Ketika aku terbangun, anakku masih tidur, kulihat popoknya sudah berganti. Kulirik jam, jam tiga dini hari, mana suamiku. Ya, Allah, dia lagi salat, mungkin salat tahajud. HP Nokia 1100 itu berbunyi lagi, cepat-cepat aku terima.
"Halo, bagaimana di sana?" tanyaku.
"Banjirnya sudah surut, Kak, alhamdulillah, sapinya gak ada yang hanyut, hanya terendam banjir," kata Ria dari seberang.
"Alhamdulillah," kataku seraya memberikan HP itu pada suami yang sudah selesai salat.
Lalu suami berbicara dalam bahasa batak, mungkin dengan si Lokot itu.
"Bagaimana, Bang?" tanyaku begitu dia selesai bertelepon.

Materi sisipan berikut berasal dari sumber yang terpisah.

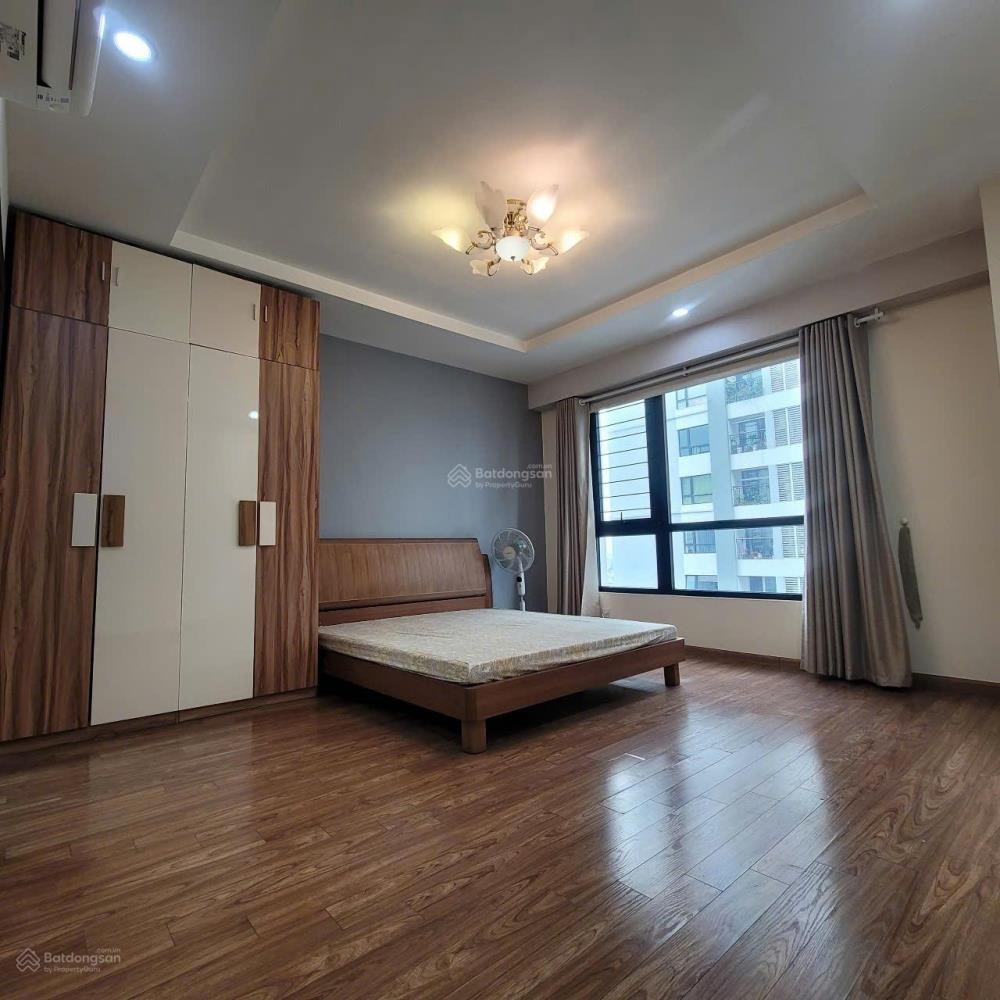 Chính chủ bán căn hộ Times City T7 - 2PN, View đẹp, Full đồ nội thất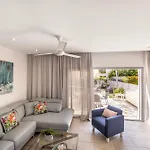 Дом отдыха Pantaros Luxury With Pool Паралимни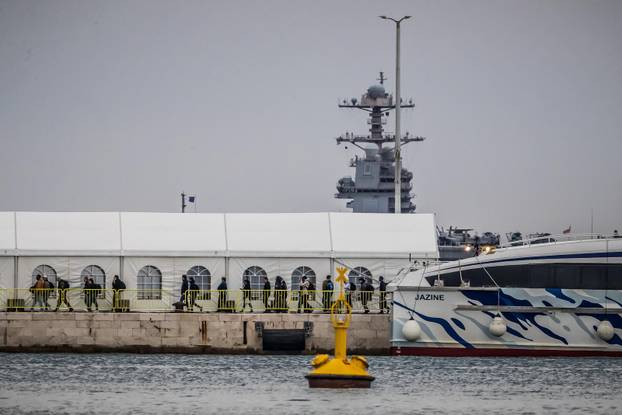 Split: Brojni mornari s broda USS Geral R. Ford iskrcali se u Split te otišli u grad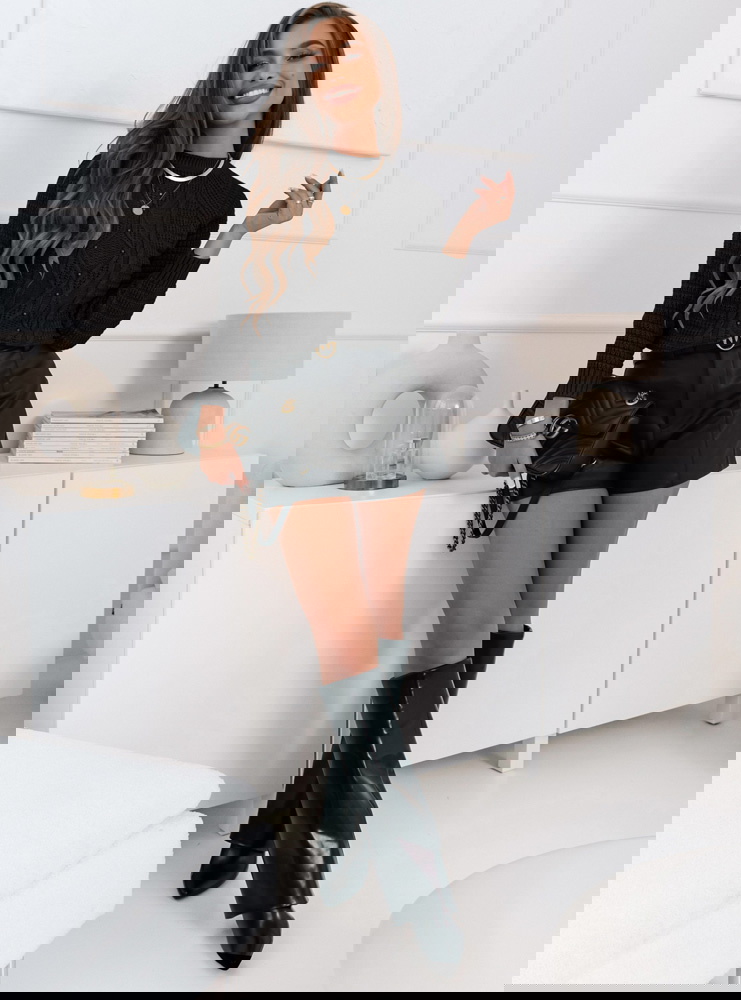 Czarny sweter z ozdobnym splotem i...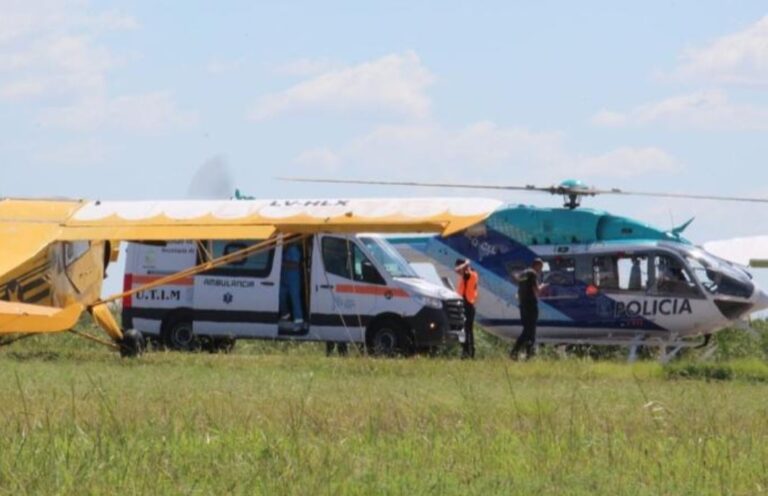 Trasladan a una adolescente en un vuelo sanitario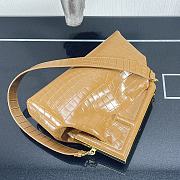 Kitlife Fendi First Medium Beige Crocodile - 2216 -  32.5x15x23.5cm - 2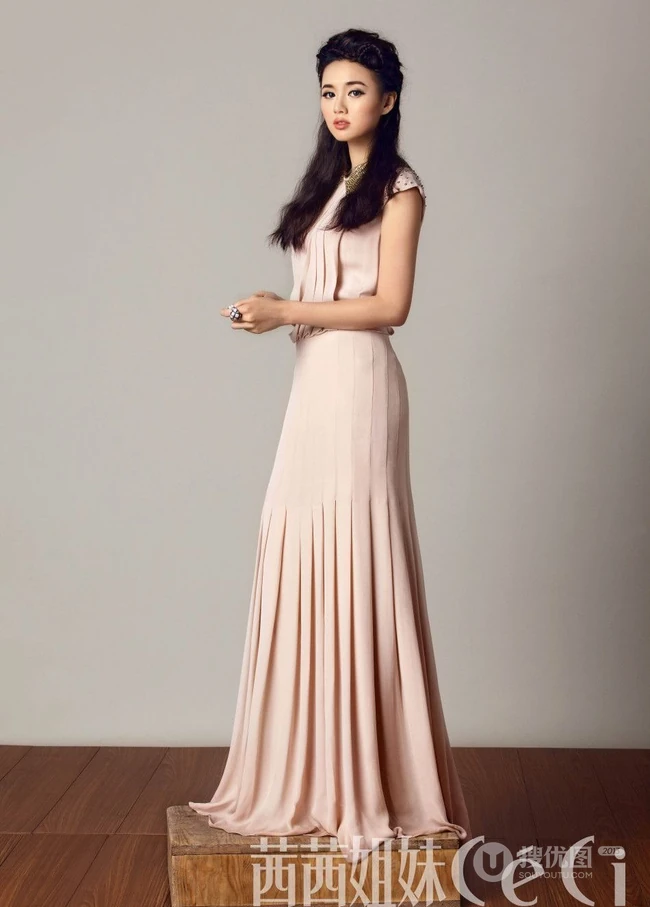 淑女江铠同小卷长发型高清图片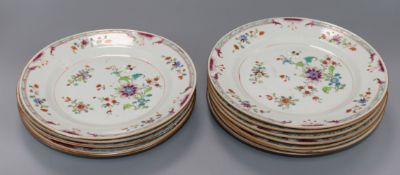 A set of twelve Chinese Qianlong period famille rose plates diameter 23cm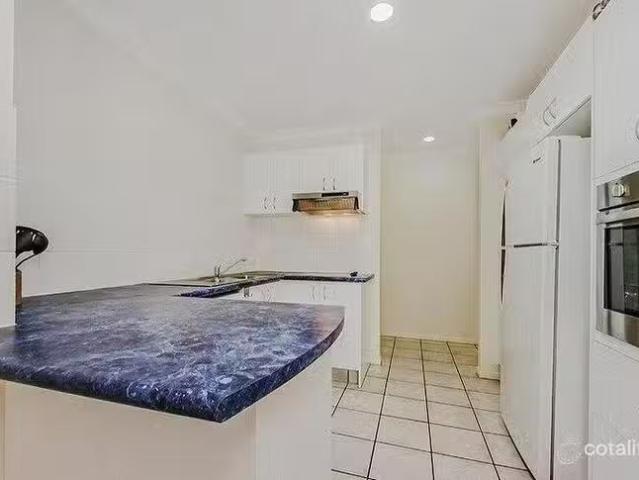 Cheap 11 Etelka Way, Arundel, QLD 4214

"Suami Ria, dia betul-betul hebat, dia jaga sapi itu semalaman ini, tak tidur, dia manjat ke pokok sawit, memperhatikan sapi itu sambil bawa senter, kata mereka, jika banjirnya makin besar, dia akan turun dan buka pintu gerbang, biar sapi hanyut dan menyelamatkan dirinya, tapi alhamdulillah, tak sampai begitu, banjirnya hanya satu meter." kata Bang Parlin.
"Alhamdulillah,"
Pagi harinya, kakakku menelepon, dia menangis sapi mereka mati tenggelam, tempat mereka memang lebih rendah dari pada kebun Bang Parlin. Mungkin mereka masih ikat atau kurung di kandang ketika banjir datang.